If Shareholders are in any doubt as to the action they should take in relation to the Tender Offer, they are recommended to seek their own financial advice from an independent financial adviser being, if they are resident in Ireland, an organisation or firm authorised under the European Communities (Markets in Financial Instruments) Regulations 2007 (Nos. 1 to 3) or the Investment Intermediaries Act 1995 (as amended) or, if they are resident in the United Kingdom, an organisation or firm authorised pursuant to the Financial Services and Markets Act 2000 of the United Kingdom or, if they are not so resident, from another appropriately authorised independent financial adviser.

 

This Announcement does not constitute, or form part of, any offer for or invitation to sell or purchase any securities, or any solicitation of any offer for, securities in any jurisdiction.
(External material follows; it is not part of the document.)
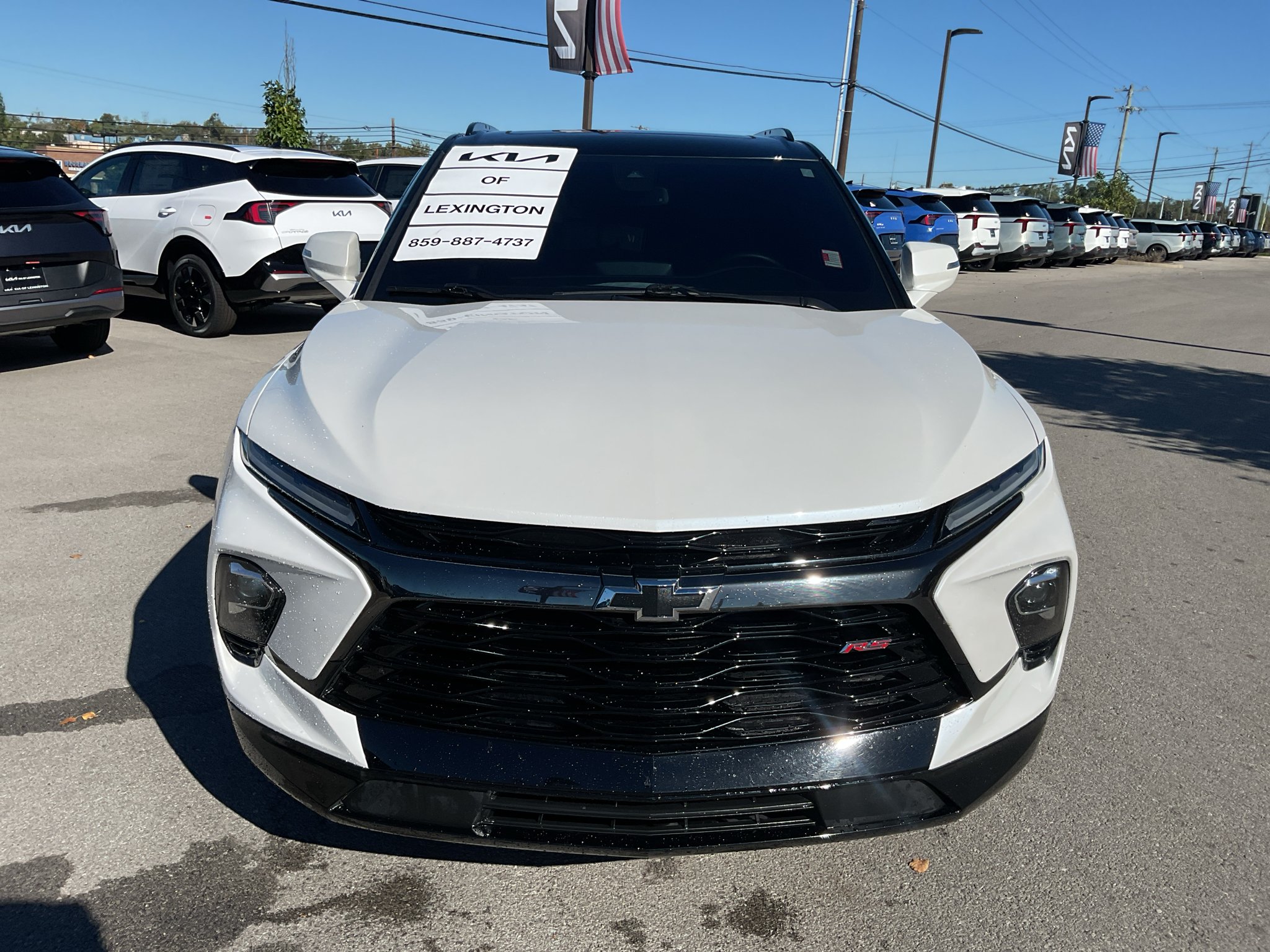 Used 2024 Iridescent Pearl Tricoat Chevrolet RS image 3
Any acceptance or other response to the Tender Offer should be made only on the basis of information contained in or referred to in the EGM Circular. The EGM Circular will contain important information, including the full terms and conditions of the Tender Offer, which shareholders are urged to read carefully. 

 

The Tender Offer is not being made in or into, and is not capable of acceptance in or from, Australia, Canada, Japan, the Republic of South Africa or the United States. Custodians, nominees and trustees should observe these restrictions and should not send or distribute documents in or into Australia, Canada, Japan, the Republic of South Africa or the United States.